En revanche, nous avons tous en tête le slogan partagé à l'époque - et aujourd'hui encore - par l'ensemble de l'opinion : nous regardions l'EDF, et nous voyions... des "Blacks", des "Blancs", des "Beurs".

 

Certes réunis par de sympathiques traits d'union : l'équipe "black-blanc-beur", l'a-t-on baptisée.

Il n'empêche que la formule grave dans le marbre cette différence-là, celle de la couleur de peau.

 

Ouvrons d'abord

((((((une parenthèse pour rappeler que cette différence est relative et pas des plus passionnantes.

Ce qui se voit sur la peau est loin de raconter toute l'histoire et la généalogie d'une personne.

Et puis sur le terrain, il peut y avoir des complémentarités plus importantes : petits/grands gabarits, offensifs/défensifs, perso/collectif... Quand on s'intéresse au sport, ces critères-là aussi peuvent servir à décrire les qualités et l'alchimie d'un groupe de joueurs. Il faudrait réfléchir un peu pour les résumer dans un "gros titre" accrocheur, mais je suis sûre que c'est faisable.

fin de la parenthèse)))))

 

L'inconvénient majeur d'avoir fait de la réunion entre "blacks", "blancs" et "beurs" la marque de fabrique de France 98, c'est bien sûr le côté double tranchant.
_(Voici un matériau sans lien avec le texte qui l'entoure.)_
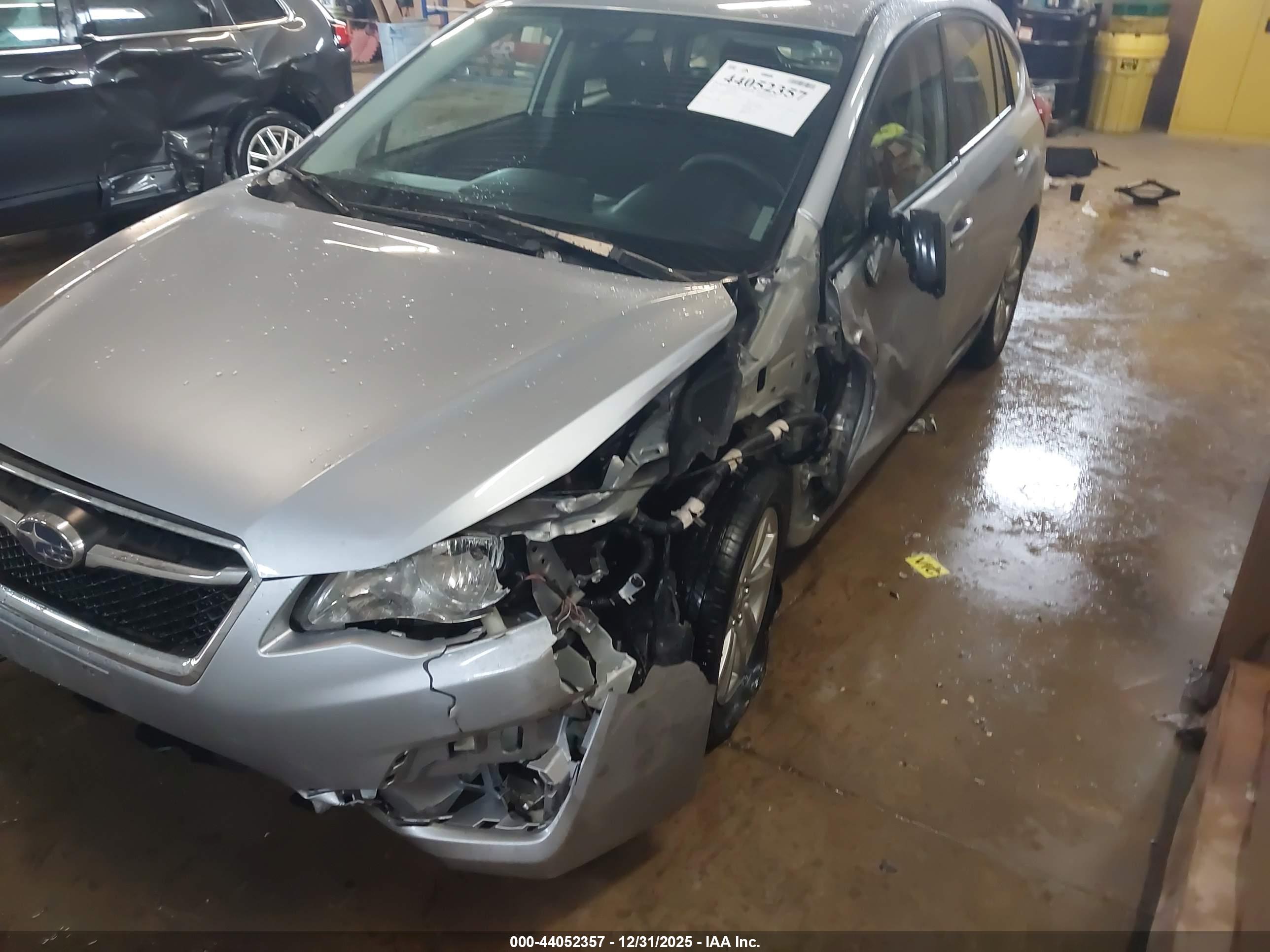 SUBARU IMPREZA image 6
Un beau jour de juillet, "tout le monde" (comme dit Dugarry) en fait un symbole de fraternité : on est tous différents, et pourtant on s'aime !

Mais quand certains termes de l'équation sont séparés des autres, ça peut résonner bizarrement. Or à en croire Dugarry, c'est tout simplement cela qui se passe dans la tête de nos Champions du monde. Thuram comme Blanc.
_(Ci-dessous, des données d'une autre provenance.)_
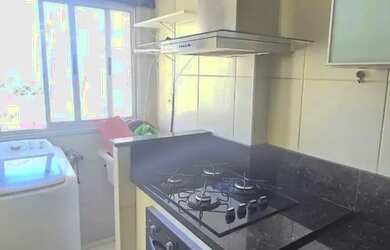 Imagem 10: PApartamento para locação no Supremo Family Club 2/4 sendo uma suíte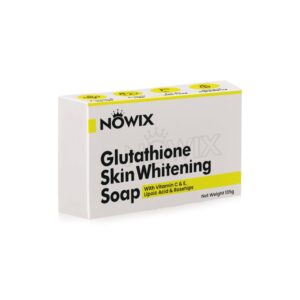 Nowix Glutathione Skin whitening soap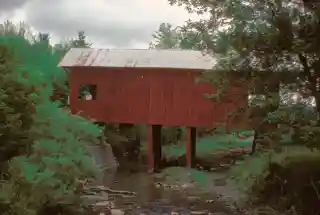 Erskine Covered Bridge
Ils regardent le terrain. Ils pensent blacks, ils pensent blancs, ils pensent beurs. Trois catégories de joueurs, comme au bon vieux temps rappelez-vous !
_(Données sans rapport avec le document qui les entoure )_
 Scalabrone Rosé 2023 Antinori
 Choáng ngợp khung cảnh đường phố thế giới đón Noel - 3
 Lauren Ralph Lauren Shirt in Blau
Puisque ces différences viennent naturellement dans la bouche de "tout le monde" en France, comment les empêcher de sauter aux yeux des professionnels du ballon rond ? Jusque-là tout va bien... Jusqu'à ce que, de fil en aiguille, ils finissent par mettre un filtre méchamment tricolore sur tout ce qui concerne le foot français.

Thuram, selon Dugarry, dans les vestiaires : cet événement "privé" ressemble à l'expression d'une fierté communautaire menant à l'exclusion de joueurs qu'on croyait pourtant solidaire de la victoire.

La DTN au quasi-complet, selon Mediapart  : là, la discrimination tacite serait "légalisée" à cause de différences artificielles érigées en critères de gestion.

 

C'est inexcusable. C'est une raison de plus, c'est l'ultime raison qui devrait nous empêcher de recycler encore et toujours le mythe de l'EDF "blackblancbeur".

A force de jouer avec les pots de couleurs, nous risquons tous de finir comme Laurent Blanc et consorts : éclatés au sol, après une très vilaine glissade dans de prétendues "différences raciales".